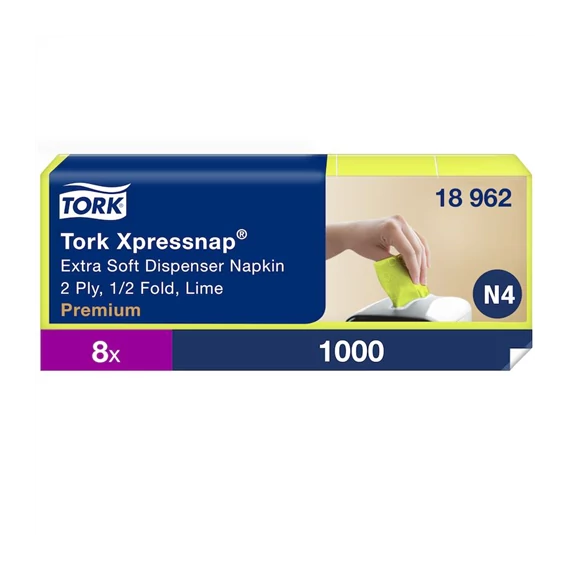 Tork Xpressnap® Extra Soft adagolós szalvéta N4 - Lime 1000 lap/csomag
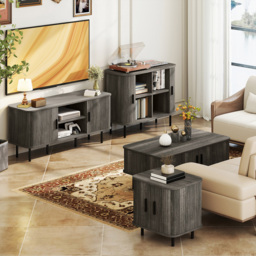 HOMCOM 2 Door 2 Shelf Grey TV Unit - Size: 55 x 40 x 120cm - Wilko - thumbnail 5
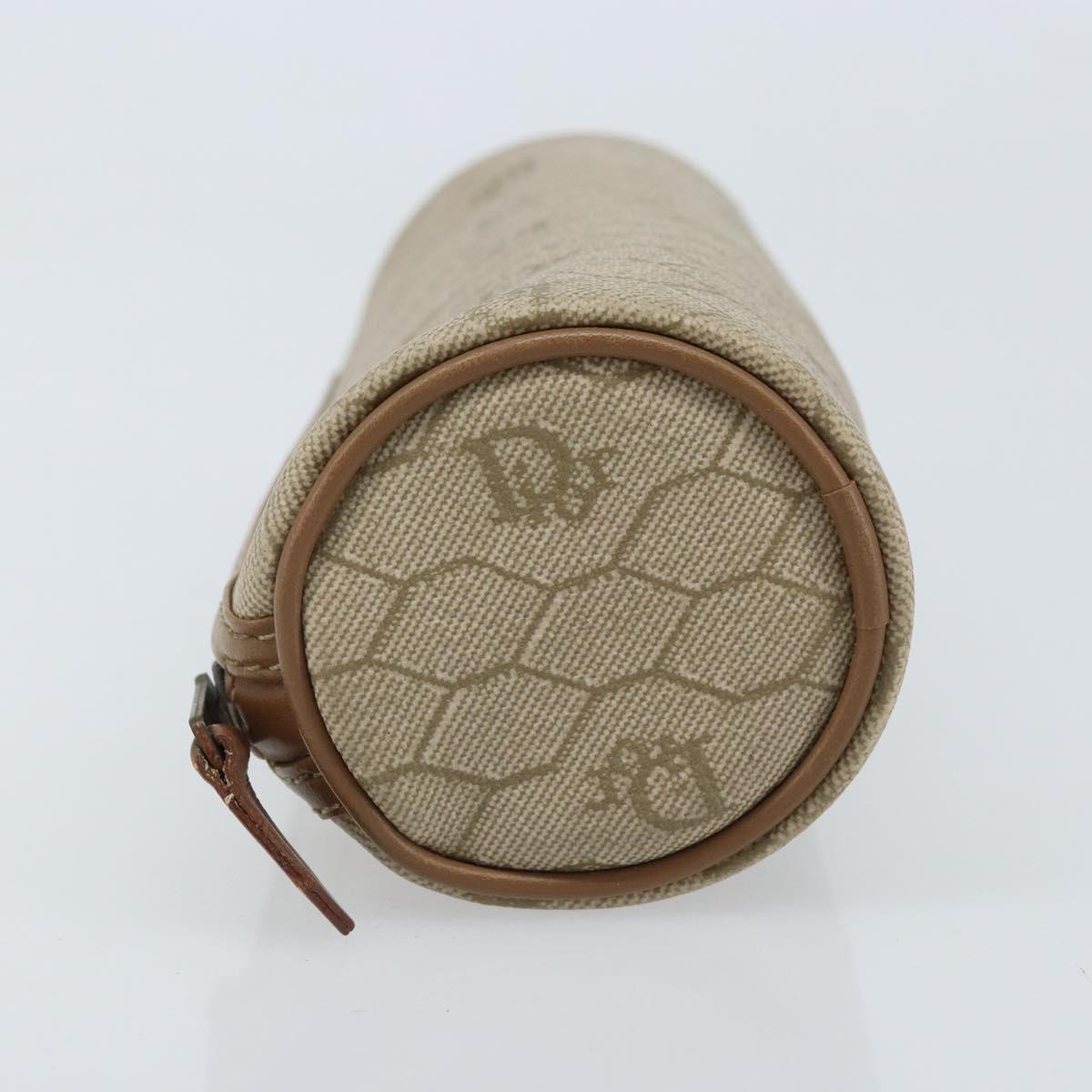 Christian Dior Honeycomb Canvas Pouch PVC Leather Beige Auth bs33990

══════════

● Work item: Only the pictures are to be omitted; restate everything else above exactly.

● Answer:
 Tork Xpressnap® Extra Soft adagolós szalvéta N4 - Lime 1000 lap/csomag
 HOMCOM 2 Door 2 Shelf Grey TV Unit - Size: 55 x 40 x 120cm - Wilko - thumbnail 5
 Christian Dior Honeycomb Canvas Pouch PVC Leather Beige Auth bs33990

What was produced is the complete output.